According to Mr. Edness, Government "accepts that the hierarchy of the Force was top-heavy. Most people in the community accept that.'' He said he was saddened by the fate of the two officers, who have been offered either redeployment in another area of the civil service or a "generous'' redundancy package, but that he "examined and re-examined'' the decision, eventually concluding that it was right.
"We must forge ahead,'' Mr. Edness said. "We must stand firm in ridding this Country of crime.'' Mr. Ottiwell Simmons (PLP), who insisted that Mr. Edness had shown "nothing but bias'' in the case, demanded that the Minister dissociate himself from the issue.
In addition, he said, it was imperative for Mr. Edness to appoint either an arbitration tribunal to hear the two officers' case, a board of inquiry or a commission of inquiry.
At the very least, Mr. Simmons told the House, "there should be a motion in this House to instruct the Minister to see that these men get a proper hearing.'' Asserting that the Police Service has an obligation to be "fair and just'' to its employees, he said that "that type of loyalty doesn't seem to exist in the Force'' anymore.

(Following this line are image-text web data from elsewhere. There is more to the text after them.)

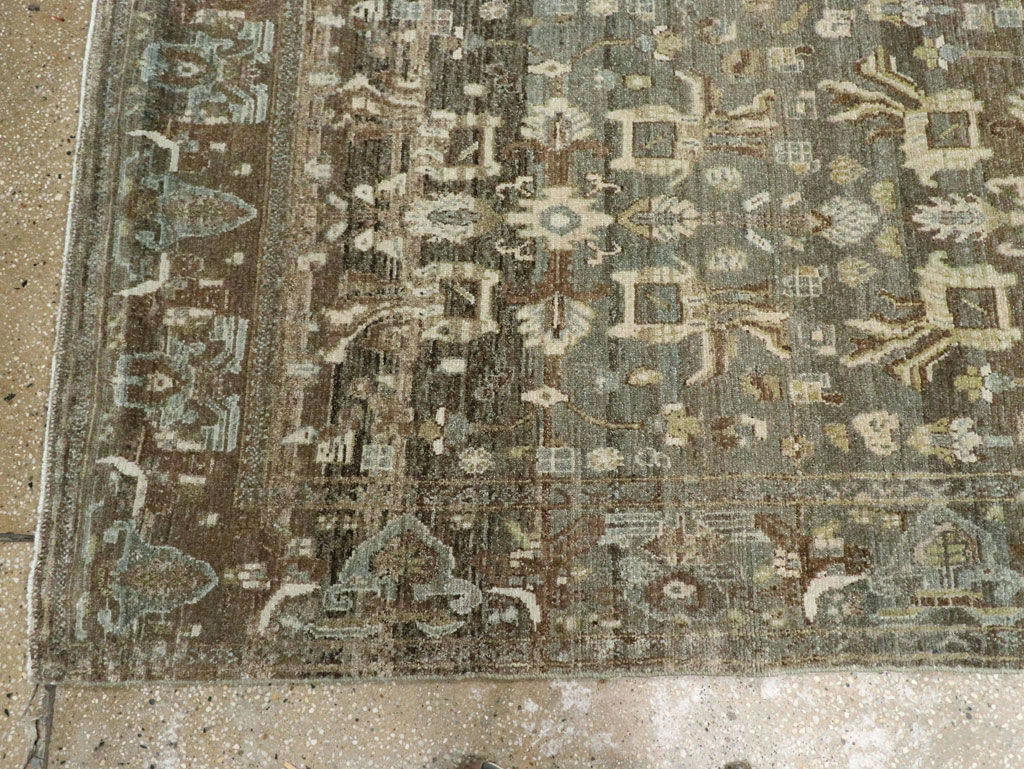 Vintage Persian Malayer Runner, No.21773 - Galerie Shabab
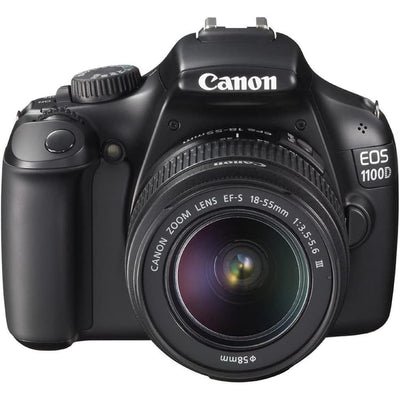 Canon EOS 1100D Spiegelreflexkamera - Schwarz + Canon EF-S 18-55 mm f/3.5-5.6 III Objektiv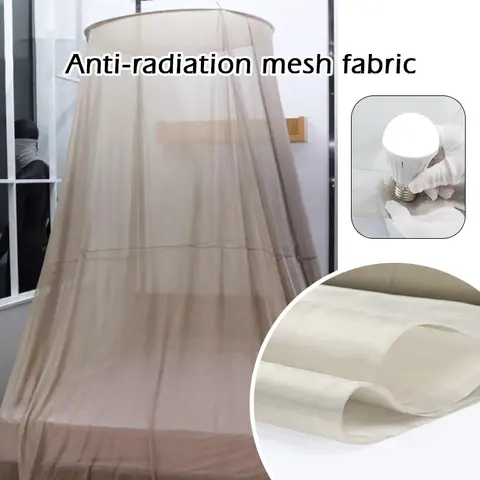 방사선 방지 메쉬 원단 실버 섬유 전자기 방지 EMF/EMI/RF/RFID 보호 차폐 차단 천, 1 m, 2 m, 5m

And he called the Service Strategy requirement that senior officers have as much overseas experience as possible "foolishness, nonsense, the essence of discrimination''.
"This is wrong,'' Mr. Simmons said of the whole affair. "This is sinister.
We must do something for these two men.'' In judging the reaction to the Perinchief/Rose redundancy, Finance Minister Grant Gibbons cited a "common failing'' among Bermudians.
"We tend,'' he said, "to think that some of the strategies that worked in the past will continue to work in the future. We see it in tourism, we see it in business and we see it in some institutions. In his report, Judge (Stephen) Tumim suggested that we are years behind in the area of policing.'' In an effort to streamline the Force, Mr. Gibbons said, previous reductions were made among lower-level officers, but "there was no equivalent in the senior ranks''.
"This was distorted, and it's being corrected now.'' Consequently, there was no "hidden agenda'' in the measures, he said, adding that "the new structure is going to be slimmer and more effective''.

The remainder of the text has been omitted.